▸ **What is required**: Every line below is to be given again precisely; images are to be left out.
-=-=-=-=-
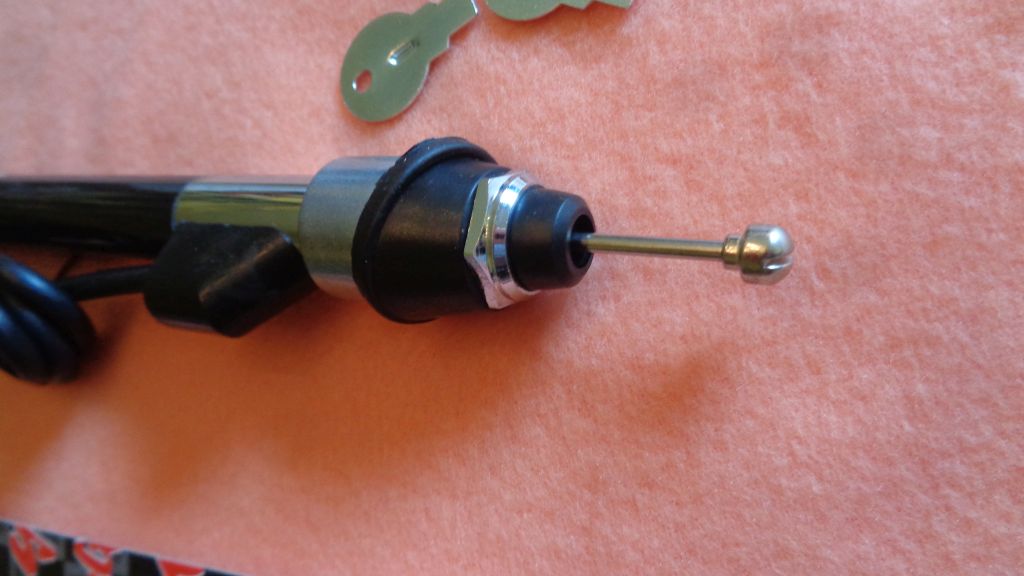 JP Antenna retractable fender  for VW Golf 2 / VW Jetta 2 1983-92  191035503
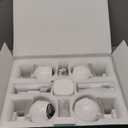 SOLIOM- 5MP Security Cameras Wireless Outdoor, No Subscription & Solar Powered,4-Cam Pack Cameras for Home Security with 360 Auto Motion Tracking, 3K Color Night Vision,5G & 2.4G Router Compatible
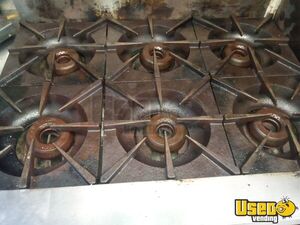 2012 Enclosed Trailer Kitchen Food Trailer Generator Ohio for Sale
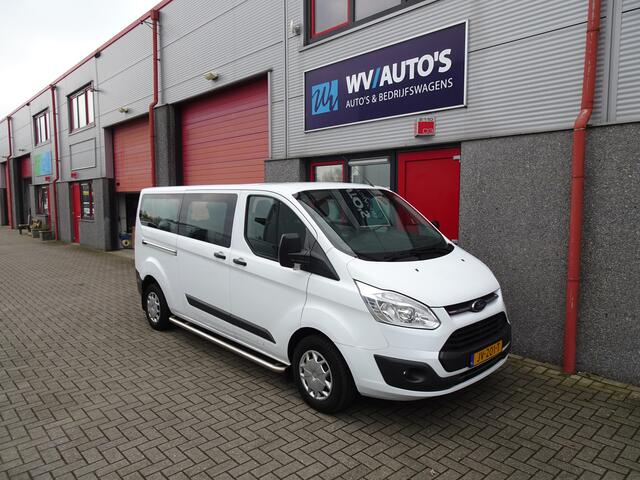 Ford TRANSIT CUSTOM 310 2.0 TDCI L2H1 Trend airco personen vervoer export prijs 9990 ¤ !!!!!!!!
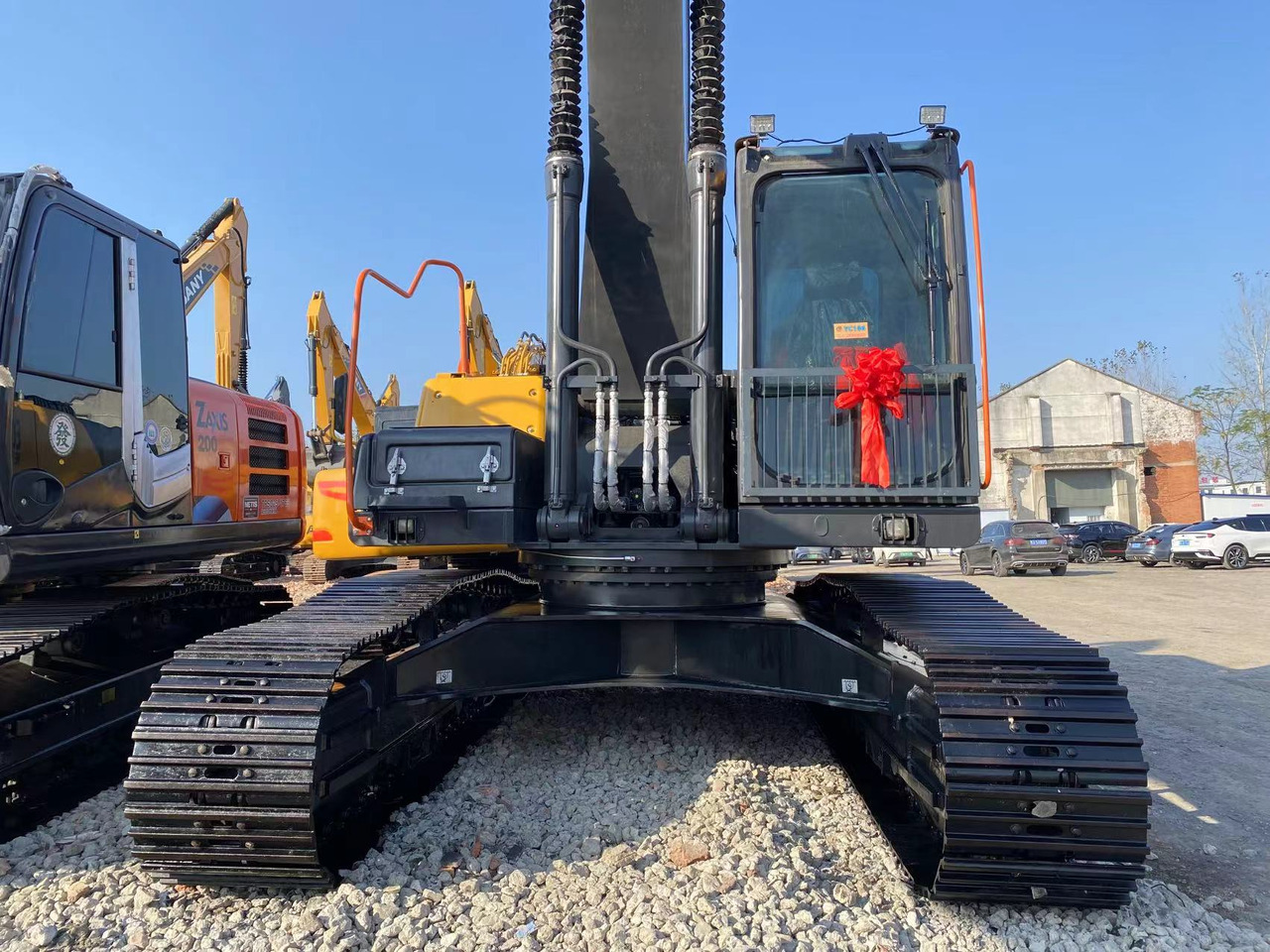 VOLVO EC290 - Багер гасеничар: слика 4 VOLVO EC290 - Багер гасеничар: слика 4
-=-=-=-=-
▸ **Finished exercise**:
 JP Antenna retractable fender  for VW Golf 2 / VW Jetta 2 1983-92  191035503
 SOLIOM- 5MP Security Cameras Wireless Outdoor, No Subscription & Solar Powered,4-Cam Pack Cameras for Home Security with 360 Auto Motion Tracking, 3K Color Night Vision,5G & 2.4G Router Compatible
 2012 Enclosed Trailer Kitchen Food Trailer Generator Ohio for Sale
 Ford TRANSIT CUSTOM 310 2.0 TDCI L2H1 Trend airco personen vervoer export prijs 9990 ¤ !!!!!!!!
 VOLVO EC290 - Багер гасеничар: слика 4 VOLVO EC290 - Багер гасеничар: слика 4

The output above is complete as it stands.